Mon désespoir devint si visible qu’une belle moto miniature rouge, métallique, me fut offerte un jour, de marque MV. Un modèle que je n’avais jamais vu dans mon quartier, et une marque inconnue. Que signifiait MV ? Était-ce une moto japonaise ou bien anglaise ?
Je reçus finalement la Moto Guzzi alors que je ne l’attendais plus. Entretemps une petite collection s’était constituée. Outre la MV, une petite Honda 750 fit son apparition, achetée par mes soins au grand magasin Barisia de Bar-le-Duc, aujourd’hui Monoprix, sous les yeux méfiants d’une grosse dame en blouse rose, pour qui un adolescent déambulant seul dans les rayons était forcément un chapardeur à ne pas quitter des yeux. Une BMW, toujours miniature mais d’échelle un peu plus grande viendra à son tour, avec ses bras de suspension fonctionnant pour de bon. Une autre fois mon père de retour d’un séminaire parisien aura dans sa valise une Harley-Davidson bleue, métallique et de même échelle que la BMW.
A ces belles maquettes s’ajoutaient de plus petites attrapées contre une pièce de monnaie dans les distributeurs de fêtes foraines.
La moto devint une passion obsédante. Je tentais de construire des maquettes avec ciseaux et carton, elles n’étaient guère réussies. Je contemplais à n’en plus finir les images de Télé-poche qui s’accumulaient. L’une d’elles montrait une Norton Roadster « Commando » 850. La machine était photographiée de trois-quarts, de sorte que sa forme globale n’était pas bien décelable, laissant à l’imagination le loisir d’y dessiner la plus belle moto qui ait jamais été conçue. Je connaissais par cœur le paragraphe qui la décrivait et dont je comprenais peu de choses. Qu’était-ce qu’un culbuteur, à quoi servait un cylindre au juste ? et un kick de démarrage ? Internet n’existait pas. Cette Norton de couleur rouge vermillon – restée depuis ma couleur préférée – deviendra mon but ultime, celui de la voir de mes yeux, de la posséder un jour, de sillonner de la plus belle façon les rues et les routes de mon village …

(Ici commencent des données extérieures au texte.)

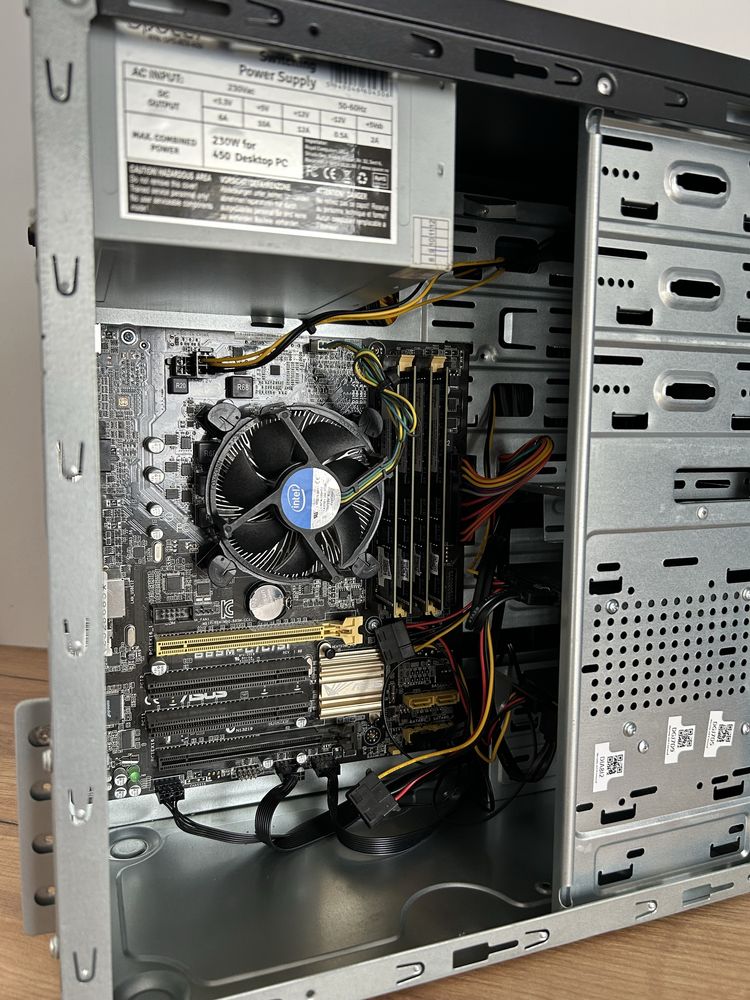 Komputer PC SG Intel Core i7 3.60 GHz 4 Core, RAM-32 GB, SSD 1TB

Au cours des mois écoulés, j’avais progressé. Je savais par exemple que les motos garées sous le préau de mon lycée-collège n’en étaient pas vraiment. C’étaient des « 125« , des petites motos qui se conduisaient sans le vrai permis. Je comprenais aussi que beaucoup de celles qui traversaient mon village étaient d’optimistes cyclomoteurs à pédales stylés aux airs de moto, souvent de marque Malaguti, munis d’une boîte de vitesse et d’un siège bi-place.

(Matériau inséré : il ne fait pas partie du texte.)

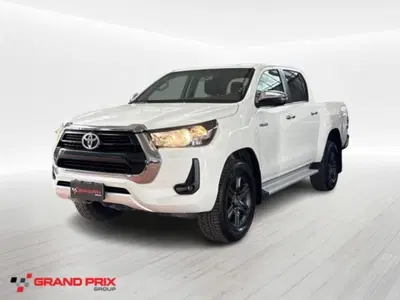 Toyota Hilux 2.D-4D 4WD porte Double Cab Lounge del 2023 usata a Castenaso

Voilà que ma grande sœur réclame un cyclomoteur, comme ses deux copines. Après quelques mois on se rend mon père et moi chez le revendeur local de deux-roues. Un brave cyclo Peugeot d’occasion de couleur grise est disponible pour pas trop cher. Ma sœur est radieuse et se rend enfin au lycée avec cette merveille. Rapidement je parviens à l’essayer à mon tour et découvre le plaisir de rouler sans plus pédaler, bien plus vite que je l’imaginais, dans un bruit qui se mêle à la caresse du vent. Ma sœur me délègue de bon cœur la mission de faire le plein d’essence quand il le faut. Ce sera pour moi l’occasion de belles balades motorisées.
Quelques mois ont encore passé. A mon tour j’exprime le souhait d’avoir ma propre mobylette. J’ai si bien travaillé pendant les grandes vacances et reçu tant de compliments que le refus est compliqué. Je comprends que ma passion inquiète mes parents. Ils voient se profiler le danger de la vitesse et préfèreraient une passion pour les poissons rouges. Ils espèrent sans doute que cela ne dépassera pas le stade du cyclomoteur. Le revendeur local nous dirige cette fois vers une Motoconfort bleue à amortisseurs avant et arrière. Toujours d’occasion. Ce sera la symbiose, une moto en réduction, en attendant la Norton un jour.
A la faveur d’un festival des fanfares se déroulant dans une grande ville touristique d’Alsace, je verrai enfin de mes yeux quantité de motos que je ne connaissais qu’en image.
Mais voilà que les motos disparaissent peu à peu de mon esprit. Leur esthétique moderne prend des libertés qui les éloignent du modèle général qui m’avait tant séduit. Des carénages fleurissent, illustrant certes la puissance et les performances mais qui dissimulent les formes des machines, c’est dommage. Le temps passe, il m’arrive de conduire la Renault 4L du parrain du haut de mes 14 ans, la Peugeot 304S familiale pour de minuscules trajets, et l’intérêt pour l’automobile, apparu à la plus tendre enfance et jamais éteint, se précise.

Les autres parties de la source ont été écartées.